Compile-Flow Walkthrough

All addresses on this page apply to libtpu.so from the libtpu-0.0.40-cp314 wheel (wheel version 0.0.40; the runtime-reported 0.103 is not statically verifiable in the binary, so the build-id is the unambiguous anchor: 89edbbe81c5b328a958fe628a9f2207d, 781,691,048 bytes, not stripped — full C++ symbols; .text VA == file offset). Other wheel versions will differ; treat every VA as version-pinned.

Abstract

This page follows one program — a single bf16 matmul — from the StableHLO module a framework hands across the PjRt boundary down to the packed VLIW bundle bytes a TPU TensorCore issues. It is the orientation map for the compiler: a narrative spine that names each IR level, the IR/dialect it speaks, the few passes that matter at that level, and the deep page that owns the full detail. Read it first; then dive into the page each stage links to.

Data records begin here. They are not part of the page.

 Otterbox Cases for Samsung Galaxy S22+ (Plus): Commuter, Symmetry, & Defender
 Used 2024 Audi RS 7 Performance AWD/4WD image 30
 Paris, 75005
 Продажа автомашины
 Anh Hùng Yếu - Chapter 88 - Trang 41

The descent is not the textbook MLIR cascade HLO → MHLO → tpu → LLO. There are two distinct lowering trees inside this one shared object, and only one of them is the TPU device path. The device path (the one our matmul takes) is HLO → [≈97 HLO pre-passes] → HLO → [layout / fusion / scheduling / memory] → HLO → [jellyfish per-op Emitters via LloRegionBuilder] → LLO → [bundle packer] → per-gen bundle bytes. General tensor IR is lowered directly to LLO by hundreds of C++ *Emitter classes — it never becomes tpu-dialect MLIR. The mlir::tpu (Mosaic) dialect and the XTile dialect both ship in the binary but sit off the device path: tpu only arrives as a serialized MLIR module imported from a Pallas/Mosaic kCustomCall, and XTile is the XLA CPU/GPU tiled-fusion codegen dialect, never reached by the matmul lowering. The most common map of this compiler is wrong on exactly this point; the per-stage sections below mark where.

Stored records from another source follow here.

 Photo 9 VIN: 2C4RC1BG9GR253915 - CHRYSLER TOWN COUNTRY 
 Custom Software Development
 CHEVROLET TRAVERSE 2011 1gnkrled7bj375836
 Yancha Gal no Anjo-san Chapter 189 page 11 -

The reference frame is XLA-on-LLVM. If you know XLA's HLO optimization pipeline, layout assignment, the LatencyHidingScheduler, and MemorySpaceAssignment (MSA), you already know four of the seven stages — they are the open-source passes, run with a TPU Target and interleaved with ~137 TPU-private xla::jellyfish::* passes. The genuinely TPU-specific descent is the last two stages: the HLO→LLO emitter wall and the per-generation bundle packer. LLO is the TPU's low-level VLIW IR — flat LloInstructions, one per machine op, the last IR above the wire. Silicon-specific choices (which MXU data-format, which native vreg shape, how many bytes per bundle) enter late, almost all of them threaded through one xla::jellyfish::Target object that every stage consults.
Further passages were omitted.